Single by Curtis Mayfield

from the album Curtis
- B-side: "Beautiful Brother Of Mine"; "Give It Up";
- Released: June 25, 1971
- Studio: RCA Studios, Chicago
- Genre: Progressive soul; psychedelic soul; funk-soul;
- Length: 8:49 (album version); 2:53 (single);
- Label: Curtom
- Songwriter: Curtis Mayfield
- Producer: Curtis Mayfield

Curtis Mayfield singles chronology
| "(Don't Worry) If There's a Hell Below, We're All Going to Go" (1970) | "Move On Up" (1971) | "Get Down" (1971) |

Official audio
- "Move On Up" on YouTube

= Move On Up =

"Move On Up" is a song by Curtis Mayfield from his 1970 debut album, Curtis. Nearly nine minutes long on the album version, including a false ending, it was released as a single in the United States, but failed to chart. An edited version of the song spent 10 weeks in the top 50 of the UK Singles Chart in 1971, peaking at number 12, and it has become a soul classic over the years. In 2021, it was listed at No. 474 on Rolling Stones "The 500 Greatest Songs of All Time". The song was influential on the emerging genre of progressive soul and is notable for its prominent, fast-paced percussion, featuring Henry Gibson on congas.

==Certifications==

| Region | Certification | Certified units/sales |
| New Zealand (RMNZ) | Platinum | 30,000^{‡} |
| United Kingdom (BPI) | Platinum | 600,000^{‡} |
^{‡} Sales+streaming figures based on certification alone.

==Other cover versions and sampling==
In 1979, disco trio Destination recorded a medley, incorporating "Keep On Pushing", a 1964 hit by the Impressions, also written by Mayfield. Along with the tracks "Up Up Up" and "Destination's Theme", "Move On Up" hit number one on the disco chart for four weeks. It peaked at number 68 on the soul singles chart.

The Jam, an English rock band active in the late 1970s to the early 1980s led by Paul Weller, released a version of the song on an extended play record in 1982, as did Weller's The Style Council in 1985.

Kentucky-based jam-band My Morning Jacket frequently covers the song in their live shows.

Just Blaze heavily sampled the song for Kanye West's 2006 single "Touch the Sky", using a slowed-down version of the horns.

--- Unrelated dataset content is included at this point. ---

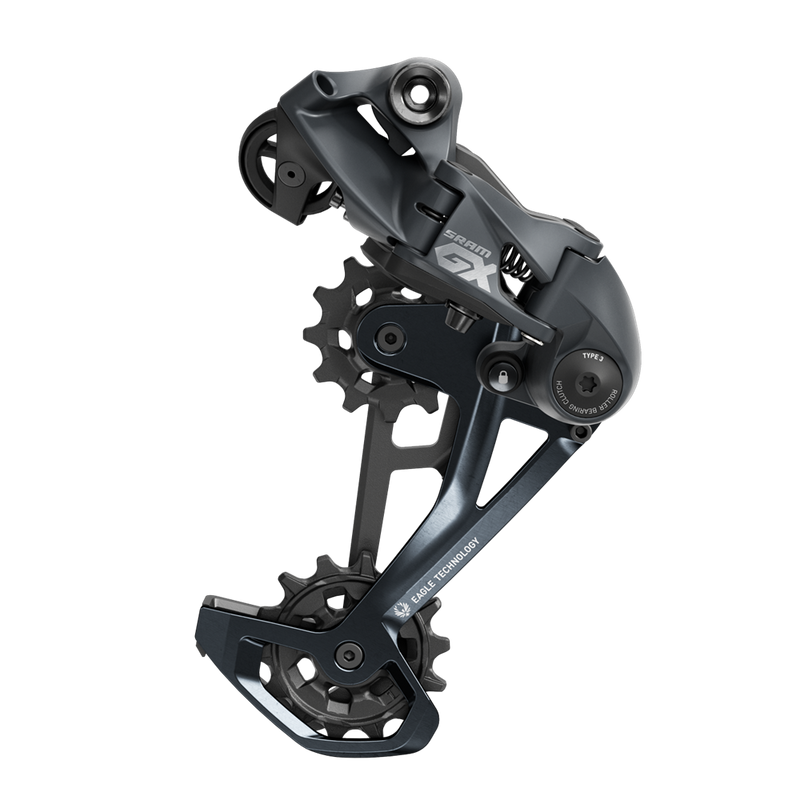 Déraille arrière SRAM. GX Eagle 52T Launar Grey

Argentine ska and rock band Los Fabulosos Cadillacs covered "Move On Up" in their 16th album, El Arte de la Elegancia de LFC (The Art of Elegance of LFC), released in 2009. The song was retitled as "Vamos Ya! (Move on Up)"; "¡Vamos ya!" means "Let's Go Now!" in Castilian Spanish.

Berklee-born funk outfit Lettuce recorded "Move On Up" for their 2008 album Rage!

The song was also used in the credits for the 2024 film Lift.

==In popular culture==
English football club Arsenal adopted the song as a popular post-game anthem at their Emirates Stadium.

The song appears in “Here to Stay,” Season 1, Episode 6 of The Bernie Mac Show.

The song appears on the soundtrack of the 2002 British film Bend It Like Beckham.

The song appears in “Margin of Error,” Season 4, Episode 6 of The Wire.

The song can also be heard on the radio in the 2014 video game Watch Dogs.

The song was used by Joe Biden following the end of his speeches during his 2020 presidential campaign.

The song is used on the soundtrack of the Ken Shapiro comedy movie The Groove Tube.

It is the walkout song of UFC Heavyweight Champion Tom Aspinall.